I am going to get new tires for my car, I have figured out that I want to get 17's. So does this all sound right..... I want to get Motegi MR7's, 205-40-17. I have stock set-up, will this work?? Do I need to do anything special to get all this to work? Am I going to have rubbing problems? I just dont want to mess anything up, so I would rather have 10 of you guys flame me and get one person tell me, then fuck up my car. So does this sound right? or should I do something else?


----------



## xbrandonx (Mar 27, 2004)

http://www.tirerack.com/tires/Optio...toModel=Sentra GXE&autoYear=1998&autoModClar=

you are correct.


----------



## sentraGXE_KY (Aug 3, 2005)

xbrandonx said:


> http://www.tirerack.com/tires/Optio...toModel=Sentra GXE&autoYear=1998&autoModClar=
> 
> you are correct.


Brandon do you know if the Kumho ECSTA ASX, Kumho ECSTA Supra 712, or the Kumho ECSTA SPT tires are a good choice for the 17's?? Thanks for the help! :cheers:


----------



## xbrandonx (Mar 27, 2004)

I've never rode on either tire before.

A good cheap tire that I have liked and used is the Bridgestone Fuzion.


----------



## sentraGXE_KY (Aug 3, 2005)

xbrandonx said:


> I've never rode on either tire before.
> 
> A good cheap tire that I have liked and used is the Bridgestone Fuzion.


I thought I read somewhere that Mike used the 712's, but I cant be for sure. You know how the weather is around here, should I wait to put them on until after winter? Or it dont get that bad here?


----------



## xbrandonx (Mar 27, 2004)

sno can get pretty bad at times, I'd wait just to save them from the salt.


----------



## 240sxstud (Sep 20, 2005)

sentraGXE_KY said:


> Brandon do you know if the Kumho ECSTA ASX, Kumho ECSTA Supra 712, or the Kumho ECSTA SPT tires are a good choice for the 17's?? Thanks for the help! :cheers:



Not sure how much you're willing to spend, I personally ride on Goodyear Eagle RA's and Toyo Proxes4, best money I've ever spent on tires.


----------



## sentraGXE_KY (Aug 3, 2005)

240sxstud said:


> Not sure how much you're willing to spend, I personally ride on Goodyear Eagle RA's and Toyo Proxes4, best money I've ever spent on tires.

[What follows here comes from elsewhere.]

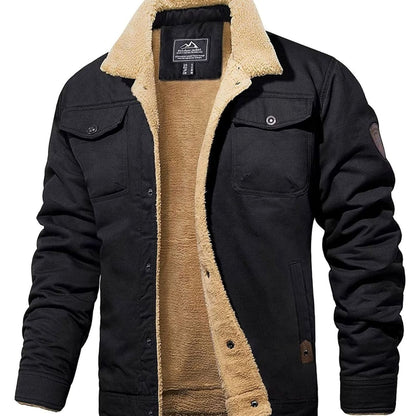 Men's Sherpa-Lined Fleece Collar Winter Jacket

Do I have to upgrade my brakes if I get bigger tires?


----------



## 240sxstud (Sep 20, 2005)

sentraGXE_KY said:


> Do I have to upgrade my brakes if I get bigger tires?


No you do not have to upgrade anything, you just have to make sure you're careful with your rim offsets and the width of your tires.

Ex. I have 17" +40mm rims, the widest tire I could go with in the front of my car was a 215, I own a 93 240. Your car will probably be different, as well as your offsets possibly...


----------



## xbrandonx (Mar 27, 2004)

240sxstud said:


> Not sure how much you're willing to spend, I personally ride on Goodyear Eagle RA's and Toyo Proxes4, best money I've ever spent on tires.


My proxes4 are so much better then my G-force Sports. Too bad I drive around on the G-force's more.




sentraGXE_KY said:


> Do I have to upgrade my brakes if I get bigger tires?


No but it will look much better with the larger rotors filling up the wheels.


----------